Washington: As President Barack Obama and his Republican challenger Mitt Romney prepared hard for the crucial first presidential debate, a new national poll showed the race for the White House remains a close one.

The overall head-to-head result among likely voters surveyed for the NBC News/Wall Street Journal poll matched the latest CNN Poll of Polls, which is an average of this new poll and six other recent surveys conducted in the past week.

The NBC/WSJ survey released Tuesday found that 49 percent of likely voters support Obama while 46 percent back Romney. The three-point margin is within the sampling error of plus or minus 3.4 percentage points.

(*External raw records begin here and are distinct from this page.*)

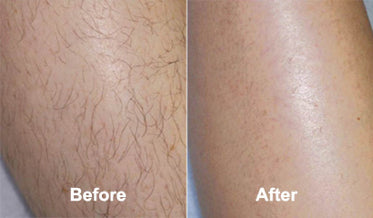 Best Permanent Hair Removal Cream For Face & Body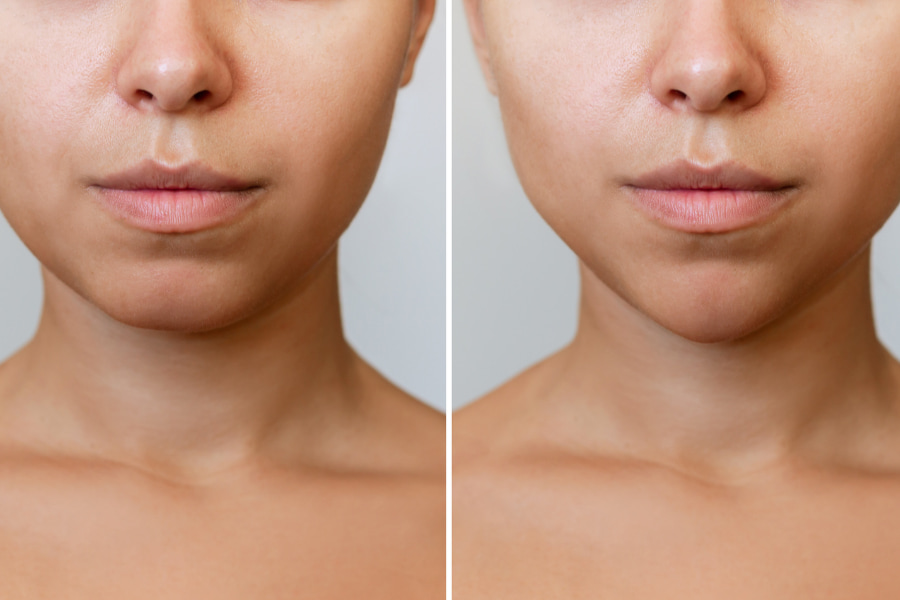 Cheekbone fillers: what changes before and after?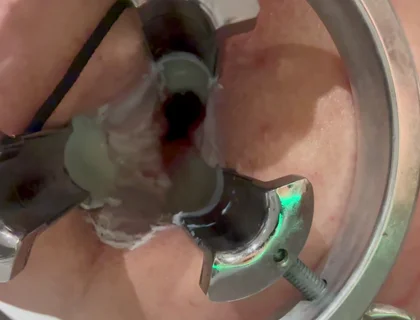 Pouring Hot Candle Wax Into Ass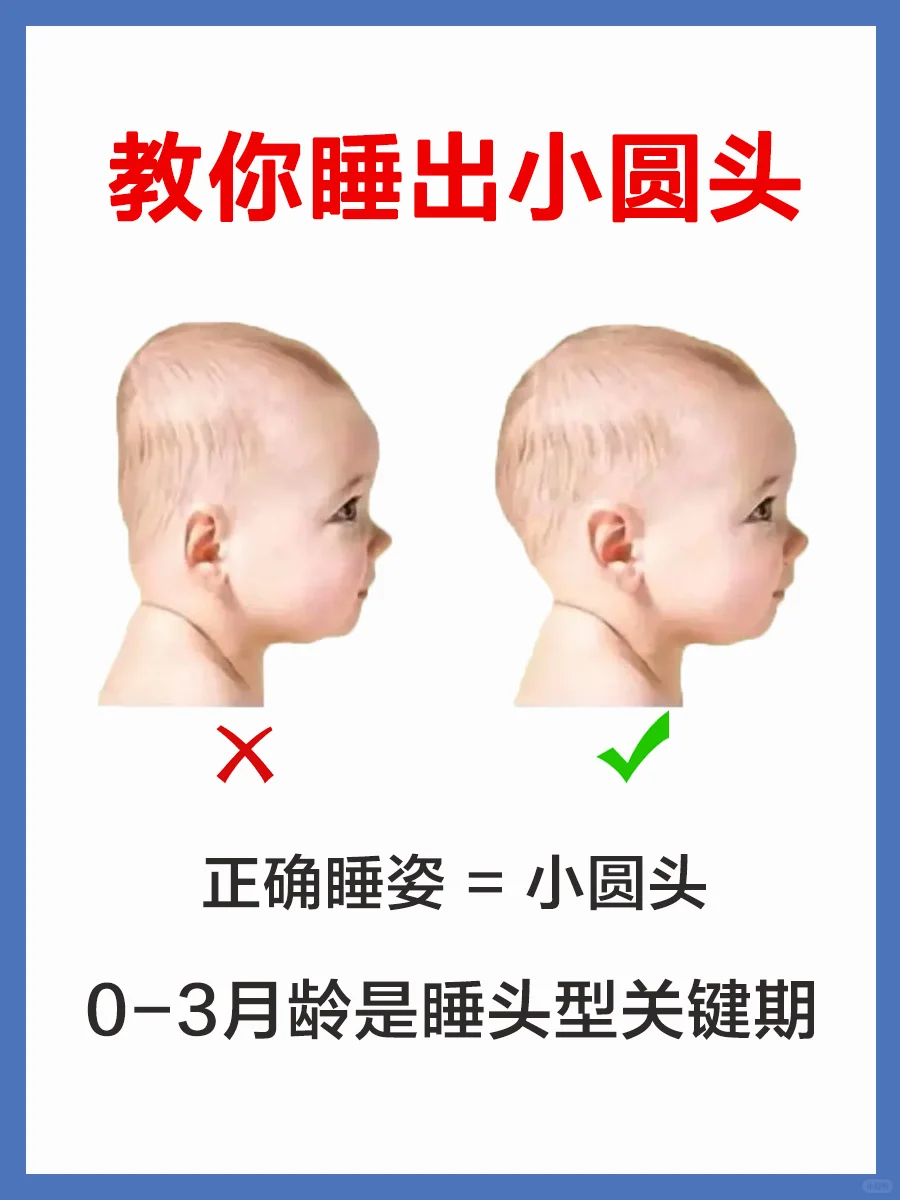 这样做一招睡出小圆头✅附头型纠正方法❗️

Mitt Romney and Barack Obama.

CNN cited Democratic pollster Peter D. Hart, who conducted the Tuesday sample with a Republican pollster, as saying the numbers show Obama "has the better hand."

Obama and Romney will go head-to-head Wednesday in the first presidential debate in Denver, Colorado.

Only 22 percent of registered voters in the NBC/WSJ poll said this season's debates figure into their selection process as "extremely important," while the largest number—34 percent — said the debates will be "somewhat important" to their November decision.

Asked about the country's direction, 53 percent said America is on the wrong track while 40 percent said it is on the right track, showing only slight movement from an NBC/WSJ poll conducted last month.

Approval ratings for Obama as well as opinions on how the president is handling the economy are also nearly unchanged from the mid-September sample.

The economy, which the moderator of Wednesday's debate has said will be the focus of about half the debate, is the primary issue to a plurality of voters: 46 percent considered it the most important issue. Social issues and values followed with 15 percent, while Social Security, health care, deficit, foreign policy and other topics lagged behind.

The NBC News/Wall Street Journal poll included 832 likely voters reached by telephone between Sep 26 and 30.